Jesus invites us to believe and be fed.
A number of years ago there was a phenomenon in Ireland of “moving statues.” It started in 1985 in a place called Ballinspittle, County Cork. However, it was not confined to that place as simultaneously stories of moving statues were reported throughout the country. Some were Marian “apparitions” while others included saints and other Divine figures. Thousand flocked to the different sites but particularly the County Cork site where it was estimated that up to 100,000 visitors came to view and pray. The press, and some bishops, were not only skeptical but mocking in their “reporting” of the phenomenon and the “simple” faith of the crowds.
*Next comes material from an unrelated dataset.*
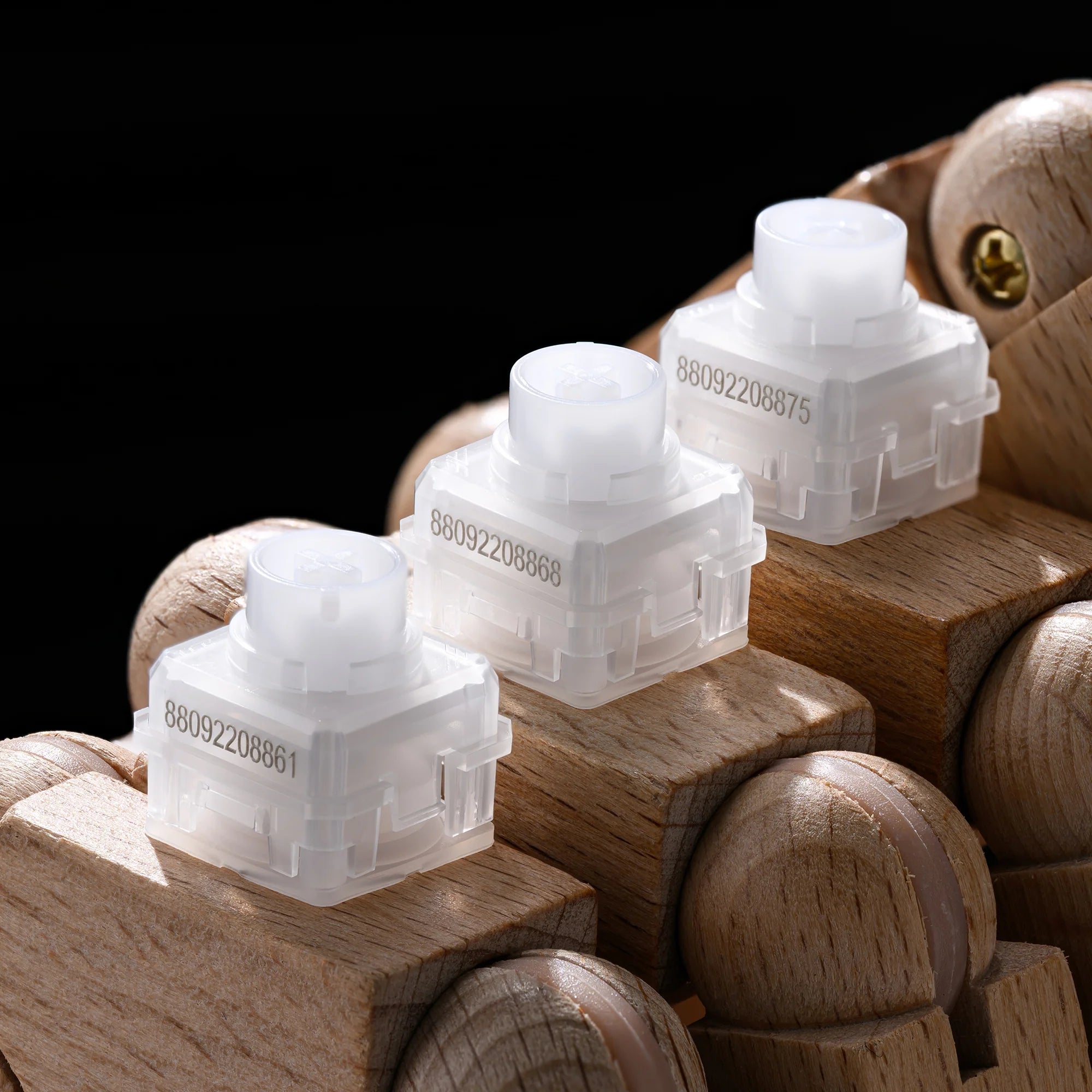 XVX Whisper Hall Effect switches in row — silent magnetic switches with adjustable actuation for gaming keyboards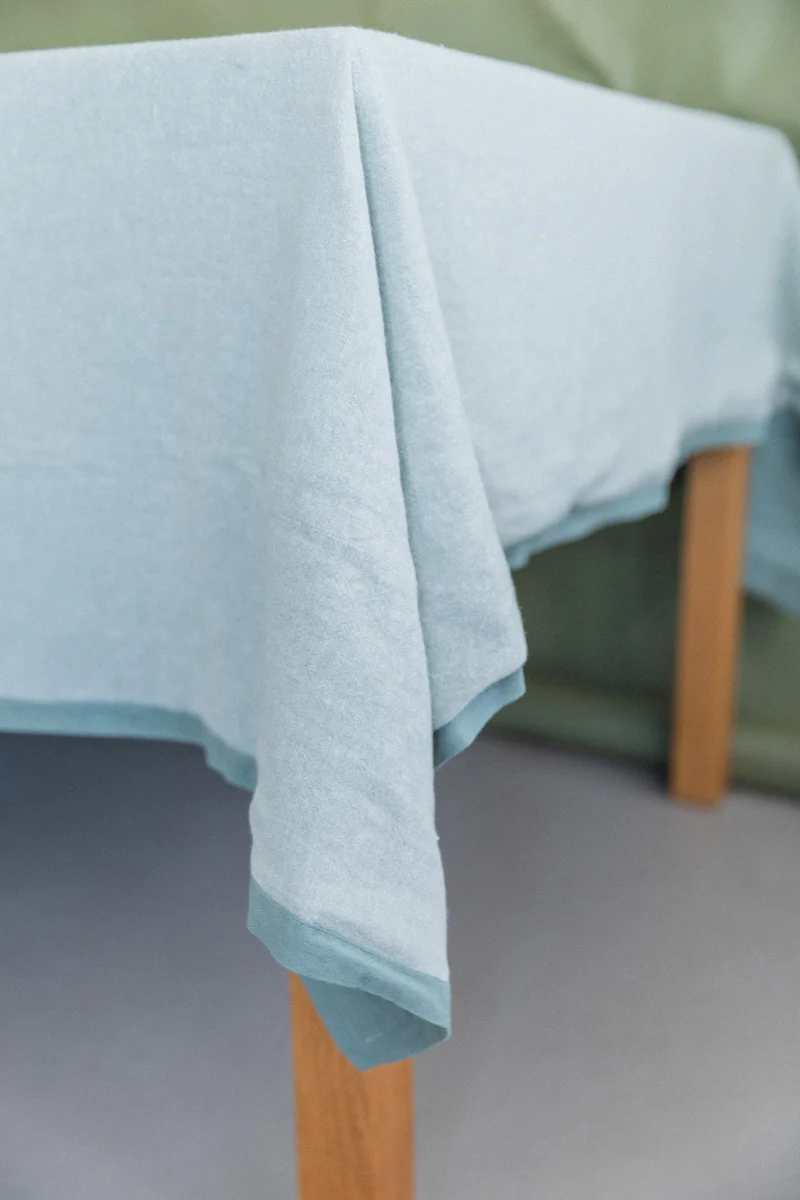 REVERSIBLE TABLECLOTH IN MOSS - Image 3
One “expert,” the anthropologist Peter Mulholland wrote , “that the continuing role of Marian apparitions in Irish popular culture is a reflection of psychological insecurity stemming largely from adverse childhood experiences and a concatenation of historical, cultural, political, religious and sociological factors.” (Mulholland, Peter. (2008) ‘Moving Statues and Concrete Thinking’, Quaderns de l'Institut Català d'Antropologia: sèrie monogràfics 23). To quote the even more eminent commentator on the human condition, Buggs Bunny, “What a maroon!”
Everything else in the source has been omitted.